Invitée de LCP ce lundi, Mathilde Panot a dénoncé les critiques qui visent LFI après la mort du militant nationaliste Quentin Deranque, tabassé en marge d'une conférence de Rima Hassan. "La manière dont ce drame est instrumentalisé est lamentable politiquement, et vise encore une fois à marginaliser le mouvement de La France insoumise", a estimé la présidente du groupe LFI à l'Assemblée.
"Cela n'a rien à voir avec nous." Invitée de "Lundi, c'est politique" ce 16 février, Mathilde Panot a démenti tout lien entre La France insoumise et la mort du militant nationaliste Quentin Deranque, qui a succombé à ses blessures samedi, après avoir été passé à tabac en marge d'une conférence de l'eurodéputée LFI Rima Hassan à Lyon. "Je suis très choquée de la manière dont on essaie de marginaliser La France insoumise, en nous faisant peser la responsabilité", s'est émue Mathilde Panot, dénonçant l'instrumentalisation du drame. "Ni LFI, ni Rima Hassan, ni notre service d'ordre n'ont été au contact d'aucun problème", a-t-elle assuré. "Nous ne cautionnerons jamais qu'on frappe un homme à terre."
La présidente du groupe LFI à l'Assemblée nationale s'est étonnée de l'absence d'un "dispositif policier visible" autour de l'évènement, alors même que la préfecture avait selon elle été prévenue en amont de la conférence. "Nous avons alerté depuis des années sur la manière dont nos rassemblements [...] étaient attaqués par des groupes d'extrême droite", a pointé Mathilde Panot, rappelant en outre que Rima Hassan était "multi-menacée" par l'extrême droite.
Elle a par ailleurs demandé à ce que le collectif identitaire Némésis, qui était présent à Lyon pour dénoncer la présence de Rima Hassan, soit tenu à l'écart des manifestations et des conférences organisées par LFI. "Sinon ça va mal finir", s'est-elle inquiétée. "Nous demandons à ce que nous puissions exercer notre droit démocratique normal."
Alors que le gouvernement a pointé la potentielle responsabilité du collectif antifasciste la Jeune Garde, l'élue a fait part de ses doutes. "Je ne crois pas que la Jeune Garde serait d'accord un seul moment avec les images qu'on a vues et qui sont terrifiantes", a-t-elle indiqué, tout en rappelant que le groupe avait été dissous en juin dernier - un recours a été déposé devant le Conseil d'Etat. "S'il y a des gens ex-Jeune Garde qui se trouvent [impliqués], j'appelle à ce qu'ils soient punis", a-t-elle assuré.
Raphaël Arnault, co-fondateur de la Jeune Garde, élu député LFI en juillet 2024, "n'a rien à voir" avec le drame, et a "tout à fait" sa place dans le groupe, a martelé Mathilde Panot.
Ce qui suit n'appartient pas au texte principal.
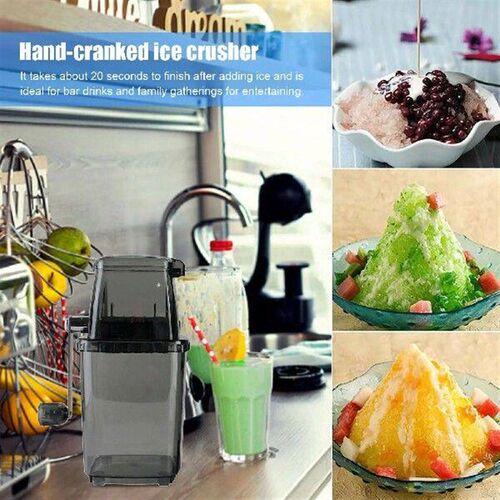 Ice Crusher Manual Shaver Ice Chopper Slushies Smoothies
Le député a exprimé samedi sur X "horreur et dégoût" après la mort de l'étudiant. Son assistant parlementaire, Jacques-Elie Favrot, accusé par Némésis d'avoir été impliqué dans l’agression, a également fermement démenti. Son accès à l'Assemblée nationale a été suspendu ce lundi. Une décision "sans objet", selon Mathilde Panot, Jacques-Elie Favrot ayant d'ores et déjà annoncé renoncer à ses fonctions le temps de l'enquête.
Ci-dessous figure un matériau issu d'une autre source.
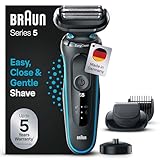 Braun Series 5 Elektrorasierer mit EasyClick Barttrimmer Aufsatz, Rasierer Herren...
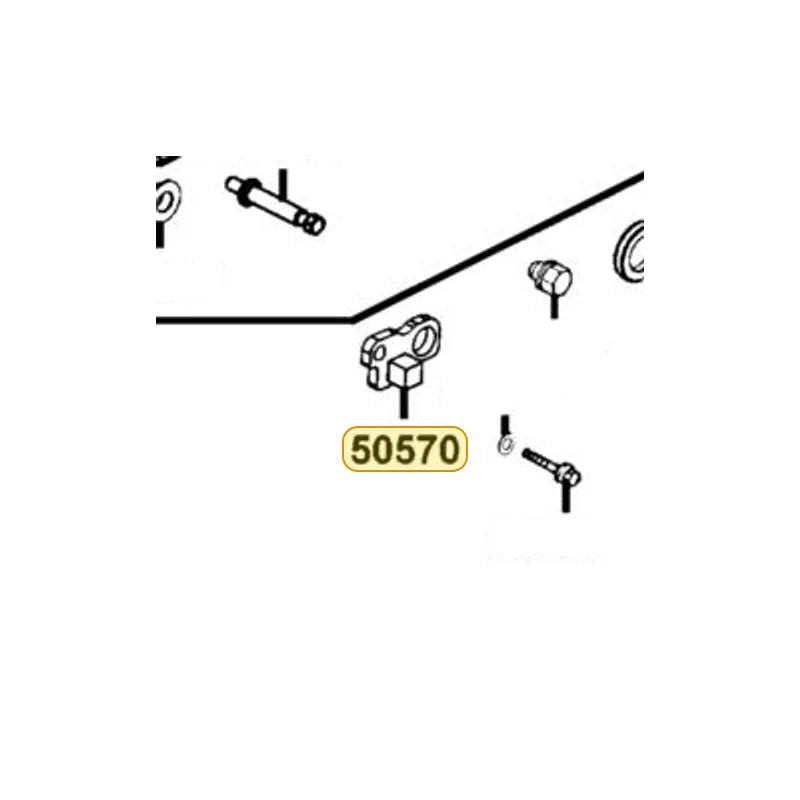 KYMCO L.. Main Stand Stopper 50570-LEA2-900, part location on the factory exploded-view diagram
Mathilde Panot s'attend quoi qu'il arrive à une séance de questions au gouvernement particulièrement "violente" ce mardi, avec de nombreuses interventions qui devraient viser son groupe. Pour cette raison, elle a indiqué qu'elle ne souhaitait "pas forcément" que Raphaël Arnault soit présent dans l'hémicycle. Pas en reste, les députés LFI ont également prévu d'interpeller le ministre de l'Intérieur, Laurent Nuñez.